And don’t be fooled that Benefits Street is a shining example of investigative journalism either. It’s not hard getting people like White Dee or Fungi to tell their stories; it doesn’t take nuanced arguments or complex negotiations. Often it’s harder to stop folk than start them. If your life is made up of being skint, being ignored, being off your face, then chances to tell your story to someone who seems interested don’t come along very often. The sense you’ll have from living the way you do is that no one gives a toss – that’s why you’ve got £50 a week and there’s mould growing up the walls of your kid’s bedroom. So when someone asks, you’ll answer.

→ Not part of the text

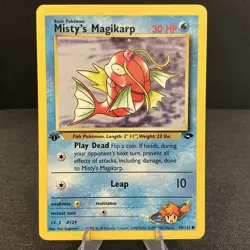 Misty's Magikarp 88/132 1st Edition Gym Challenge Vintage Pokemon TCG Card - Image 1
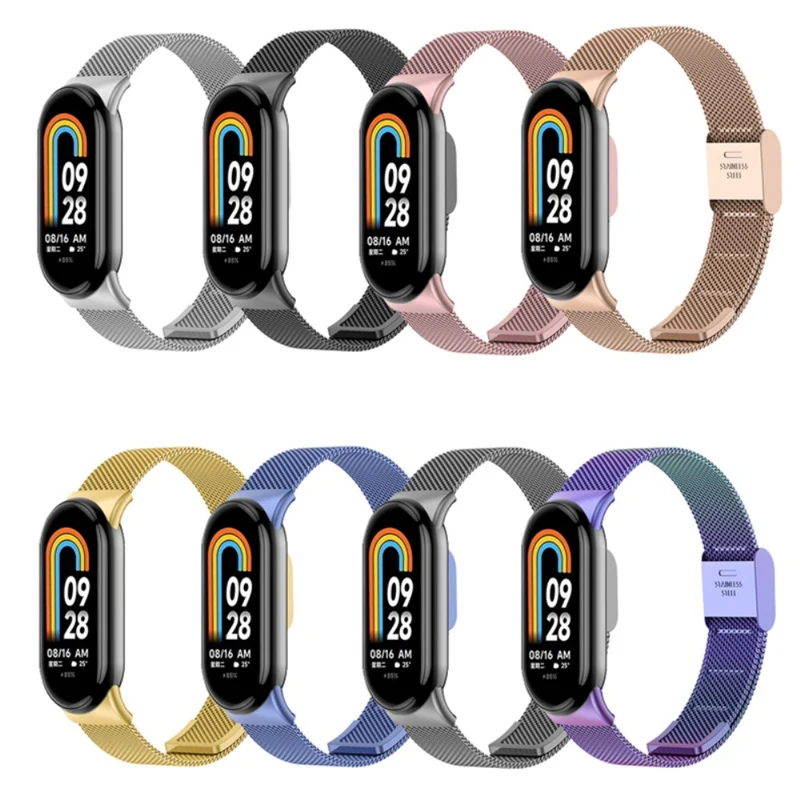 Super Angenehm Xiaomi Smart Band 8 Metall Armband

Does that sound patronising? If so, let me further shock you by revealing that not only are the residents far from representative of everyone on benefits, the way they were presented was far from neutral. Programme-makers – and journalists – make decisions about how to represent people all day every day – it’s what we do. That the residents of James Turner Street came off as badly as they did tells you more about how poor people are viewed than anything the programme purported to reveal.

THERE are so many reasons to celebrate Sistema Scotland, with new projects in Govanhill and Aberdeen as well as the original, Big Noise Raploch, which continues to go from strength to strength. It’s a brilliant, creative initiative that, since it began in 2008, has given 450 kids and 50 adults in the Raploch community the gift of learning to read and play music. More than that, it has delivered plenty of other less tangible but no less important lessons about self-confidence and working together and being dedicated and disciplined. So how wonderful to discover that seven children from the scheme have successfully auditioned for the National Youth Orchestra of Scotland junior orchestra and five more have been accepted for strings training. Bravo.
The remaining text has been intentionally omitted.